Sciatica: symptoms, treatment, prognosis
If it hurts from the back to the leg, it is usually due to sciatica. This colloquial term summarizes various complaints originating from the sciatic nerve. Medically correct, the phenomenon is called sciatica. The cause can be, for example, a herniated disc or an inflammation. Read more about the causes, symptoms and treatment of sciatica here and learn why sciatica does not like sitting for long periods of time and how you can prevent symptoms.
- What’s sciatica? A damage of the sciatic nerve with pain that usually radiates into the leg. Doctors speak of sciatica.

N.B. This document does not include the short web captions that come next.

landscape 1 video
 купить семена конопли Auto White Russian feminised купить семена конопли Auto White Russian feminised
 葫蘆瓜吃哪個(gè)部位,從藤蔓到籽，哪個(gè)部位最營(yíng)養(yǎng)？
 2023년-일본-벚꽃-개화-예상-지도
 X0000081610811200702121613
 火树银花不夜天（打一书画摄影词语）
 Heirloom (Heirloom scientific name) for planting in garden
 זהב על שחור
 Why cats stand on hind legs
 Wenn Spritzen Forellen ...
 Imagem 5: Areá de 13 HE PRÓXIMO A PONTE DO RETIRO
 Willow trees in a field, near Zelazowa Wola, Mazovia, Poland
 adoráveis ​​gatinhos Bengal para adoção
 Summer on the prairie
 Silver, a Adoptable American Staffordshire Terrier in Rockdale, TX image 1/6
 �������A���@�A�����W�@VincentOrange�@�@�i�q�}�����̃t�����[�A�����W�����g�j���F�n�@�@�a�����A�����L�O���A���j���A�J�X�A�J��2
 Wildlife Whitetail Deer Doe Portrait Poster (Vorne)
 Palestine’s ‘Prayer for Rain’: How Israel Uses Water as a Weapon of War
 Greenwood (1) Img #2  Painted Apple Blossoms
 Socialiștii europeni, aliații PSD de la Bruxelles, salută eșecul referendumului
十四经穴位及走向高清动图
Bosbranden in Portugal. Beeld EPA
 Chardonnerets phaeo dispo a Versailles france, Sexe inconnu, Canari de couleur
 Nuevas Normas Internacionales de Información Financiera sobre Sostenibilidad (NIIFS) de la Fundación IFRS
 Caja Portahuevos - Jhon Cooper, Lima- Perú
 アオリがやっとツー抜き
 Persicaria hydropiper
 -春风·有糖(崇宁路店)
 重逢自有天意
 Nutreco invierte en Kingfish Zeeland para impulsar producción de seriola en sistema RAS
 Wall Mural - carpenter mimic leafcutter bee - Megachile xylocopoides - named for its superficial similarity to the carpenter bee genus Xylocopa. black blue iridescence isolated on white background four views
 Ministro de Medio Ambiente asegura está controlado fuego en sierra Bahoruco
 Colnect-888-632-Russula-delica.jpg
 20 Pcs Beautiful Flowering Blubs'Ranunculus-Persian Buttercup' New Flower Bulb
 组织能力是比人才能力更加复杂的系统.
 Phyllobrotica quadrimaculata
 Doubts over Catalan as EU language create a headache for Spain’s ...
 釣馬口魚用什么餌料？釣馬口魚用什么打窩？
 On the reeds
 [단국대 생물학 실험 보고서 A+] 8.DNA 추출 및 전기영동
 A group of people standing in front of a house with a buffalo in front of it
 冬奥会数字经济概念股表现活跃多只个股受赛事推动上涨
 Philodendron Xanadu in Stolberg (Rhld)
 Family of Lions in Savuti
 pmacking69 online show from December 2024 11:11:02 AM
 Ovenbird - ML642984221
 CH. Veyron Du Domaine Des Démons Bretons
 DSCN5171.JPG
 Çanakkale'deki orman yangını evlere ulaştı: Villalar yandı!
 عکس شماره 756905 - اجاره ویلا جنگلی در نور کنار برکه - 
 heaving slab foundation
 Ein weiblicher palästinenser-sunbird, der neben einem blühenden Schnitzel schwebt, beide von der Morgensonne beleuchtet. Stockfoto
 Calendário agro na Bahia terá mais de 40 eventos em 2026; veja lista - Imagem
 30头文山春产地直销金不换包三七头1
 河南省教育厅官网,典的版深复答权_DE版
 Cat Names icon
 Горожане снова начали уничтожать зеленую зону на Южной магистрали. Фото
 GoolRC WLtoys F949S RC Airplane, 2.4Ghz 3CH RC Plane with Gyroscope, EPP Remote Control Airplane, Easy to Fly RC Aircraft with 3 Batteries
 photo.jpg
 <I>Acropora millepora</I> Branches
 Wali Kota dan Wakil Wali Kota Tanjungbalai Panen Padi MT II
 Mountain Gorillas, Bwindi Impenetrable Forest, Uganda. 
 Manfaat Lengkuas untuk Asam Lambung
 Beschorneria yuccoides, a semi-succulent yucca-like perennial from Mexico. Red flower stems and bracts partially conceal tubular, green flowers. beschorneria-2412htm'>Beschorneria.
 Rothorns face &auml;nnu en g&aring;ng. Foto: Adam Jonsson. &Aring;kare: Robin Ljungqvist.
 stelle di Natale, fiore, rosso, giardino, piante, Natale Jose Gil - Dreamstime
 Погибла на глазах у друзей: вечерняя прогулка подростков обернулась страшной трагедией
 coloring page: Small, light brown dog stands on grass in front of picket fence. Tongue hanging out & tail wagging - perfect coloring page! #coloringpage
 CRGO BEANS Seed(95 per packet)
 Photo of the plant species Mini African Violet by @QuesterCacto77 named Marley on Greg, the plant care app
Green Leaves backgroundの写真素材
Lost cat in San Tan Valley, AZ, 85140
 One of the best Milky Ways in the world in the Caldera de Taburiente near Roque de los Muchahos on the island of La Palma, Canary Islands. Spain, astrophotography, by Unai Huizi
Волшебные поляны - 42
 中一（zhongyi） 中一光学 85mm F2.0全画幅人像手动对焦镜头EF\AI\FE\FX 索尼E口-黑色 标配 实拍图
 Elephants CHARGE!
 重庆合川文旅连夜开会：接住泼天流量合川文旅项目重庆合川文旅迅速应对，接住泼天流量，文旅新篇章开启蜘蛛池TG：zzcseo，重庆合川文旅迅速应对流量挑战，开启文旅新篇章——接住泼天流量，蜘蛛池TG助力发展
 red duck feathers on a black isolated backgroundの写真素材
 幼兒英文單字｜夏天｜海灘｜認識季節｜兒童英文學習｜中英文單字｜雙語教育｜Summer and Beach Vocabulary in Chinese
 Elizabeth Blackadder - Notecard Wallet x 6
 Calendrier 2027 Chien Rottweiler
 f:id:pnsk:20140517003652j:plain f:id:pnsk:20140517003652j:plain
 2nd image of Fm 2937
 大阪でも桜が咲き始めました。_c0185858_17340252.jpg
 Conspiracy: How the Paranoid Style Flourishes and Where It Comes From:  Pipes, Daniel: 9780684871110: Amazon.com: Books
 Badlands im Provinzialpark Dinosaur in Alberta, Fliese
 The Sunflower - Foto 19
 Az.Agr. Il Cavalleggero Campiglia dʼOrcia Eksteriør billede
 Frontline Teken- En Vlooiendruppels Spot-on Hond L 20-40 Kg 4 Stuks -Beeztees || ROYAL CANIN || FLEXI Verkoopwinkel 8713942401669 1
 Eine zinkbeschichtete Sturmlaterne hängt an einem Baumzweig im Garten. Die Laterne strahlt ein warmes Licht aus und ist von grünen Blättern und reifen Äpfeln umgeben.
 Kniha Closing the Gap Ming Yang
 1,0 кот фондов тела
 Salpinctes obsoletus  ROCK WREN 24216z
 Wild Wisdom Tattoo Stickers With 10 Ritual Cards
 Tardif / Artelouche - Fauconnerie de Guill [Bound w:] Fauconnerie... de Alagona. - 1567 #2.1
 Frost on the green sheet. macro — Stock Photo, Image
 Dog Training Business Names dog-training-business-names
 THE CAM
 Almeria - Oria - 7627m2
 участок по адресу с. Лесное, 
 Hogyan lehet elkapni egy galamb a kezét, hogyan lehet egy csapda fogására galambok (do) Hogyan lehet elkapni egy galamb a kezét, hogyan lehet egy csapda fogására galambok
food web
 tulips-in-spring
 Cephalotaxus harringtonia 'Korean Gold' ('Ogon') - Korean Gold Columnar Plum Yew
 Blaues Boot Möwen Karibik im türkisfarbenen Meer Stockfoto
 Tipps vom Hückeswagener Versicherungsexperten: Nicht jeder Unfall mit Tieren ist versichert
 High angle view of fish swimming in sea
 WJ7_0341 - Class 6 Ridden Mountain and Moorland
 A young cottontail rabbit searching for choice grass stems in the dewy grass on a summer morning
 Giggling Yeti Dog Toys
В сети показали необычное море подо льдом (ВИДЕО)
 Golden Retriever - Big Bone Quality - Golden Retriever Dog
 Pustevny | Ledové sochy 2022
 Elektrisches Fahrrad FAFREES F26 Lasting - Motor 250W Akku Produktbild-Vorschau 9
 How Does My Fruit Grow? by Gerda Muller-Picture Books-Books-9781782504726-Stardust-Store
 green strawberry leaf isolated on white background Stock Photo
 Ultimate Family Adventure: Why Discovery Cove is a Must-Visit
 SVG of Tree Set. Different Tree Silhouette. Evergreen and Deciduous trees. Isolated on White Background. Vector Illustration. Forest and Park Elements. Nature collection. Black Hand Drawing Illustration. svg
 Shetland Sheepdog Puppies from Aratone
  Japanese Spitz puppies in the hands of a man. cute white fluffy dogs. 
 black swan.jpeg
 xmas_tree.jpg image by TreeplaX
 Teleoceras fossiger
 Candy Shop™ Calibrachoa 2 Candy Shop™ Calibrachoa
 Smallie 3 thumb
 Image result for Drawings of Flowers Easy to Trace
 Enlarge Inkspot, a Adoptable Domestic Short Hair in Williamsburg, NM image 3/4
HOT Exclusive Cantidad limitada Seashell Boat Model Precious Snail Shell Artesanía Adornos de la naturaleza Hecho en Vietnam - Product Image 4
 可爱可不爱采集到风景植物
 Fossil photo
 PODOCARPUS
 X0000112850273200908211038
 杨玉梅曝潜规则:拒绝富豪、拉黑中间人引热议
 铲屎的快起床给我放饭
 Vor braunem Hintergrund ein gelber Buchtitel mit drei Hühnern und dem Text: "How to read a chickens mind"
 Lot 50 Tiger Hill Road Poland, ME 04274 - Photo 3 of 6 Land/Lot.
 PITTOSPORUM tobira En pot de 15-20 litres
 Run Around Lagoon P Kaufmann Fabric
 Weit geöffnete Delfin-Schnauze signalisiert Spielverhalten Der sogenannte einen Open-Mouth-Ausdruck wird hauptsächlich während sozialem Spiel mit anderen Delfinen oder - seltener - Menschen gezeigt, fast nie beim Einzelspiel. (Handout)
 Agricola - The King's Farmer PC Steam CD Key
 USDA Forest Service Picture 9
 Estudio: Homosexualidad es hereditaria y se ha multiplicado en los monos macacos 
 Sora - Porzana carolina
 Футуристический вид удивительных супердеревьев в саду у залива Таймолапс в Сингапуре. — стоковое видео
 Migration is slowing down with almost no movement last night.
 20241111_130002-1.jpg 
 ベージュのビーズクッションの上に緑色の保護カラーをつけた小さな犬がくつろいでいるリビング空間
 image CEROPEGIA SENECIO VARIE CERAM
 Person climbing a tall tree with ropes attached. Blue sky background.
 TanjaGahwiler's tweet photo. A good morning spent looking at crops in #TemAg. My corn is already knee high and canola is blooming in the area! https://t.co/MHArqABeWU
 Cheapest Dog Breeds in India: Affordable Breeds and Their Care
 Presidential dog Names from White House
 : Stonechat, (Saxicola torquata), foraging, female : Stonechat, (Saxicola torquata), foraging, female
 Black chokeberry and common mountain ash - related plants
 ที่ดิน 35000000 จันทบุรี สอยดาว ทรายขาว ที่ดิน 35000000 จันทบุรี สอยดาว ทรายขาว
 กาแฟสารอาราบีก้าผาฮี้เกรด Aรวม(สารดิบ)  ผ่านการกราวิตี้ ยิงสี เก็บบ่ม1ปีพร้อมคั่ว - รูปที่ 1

- Symptoms: tingling, electric shock-like or pulling pain, numbness, paralysis
- Treatment: depending on cause and severity. Therapy options include medication, operations, physiotherapy, heat treatments, massages, etc.
- Causes: Slipped disc, vertebral body injuries, rheumatism of the joints, inflammations, abscesses, bruises, tumours, infections etc.
- Prognosis: With timely, correct treatment, the chances are good that the symptoms will heal completely.
The sciatic nerve (nervus ischiadicus) is the thickest nerve in the human body. It extends over the back of the thigh and branches out at the level of the knee into its two lower leg branches, the peroneal nerve (nervus peronaeus) and the tibialis nerve (nervus tibialis). It supplies the muscles in the leg and its sensory components transmit sensory messages from the lower extremities to the central nervous system.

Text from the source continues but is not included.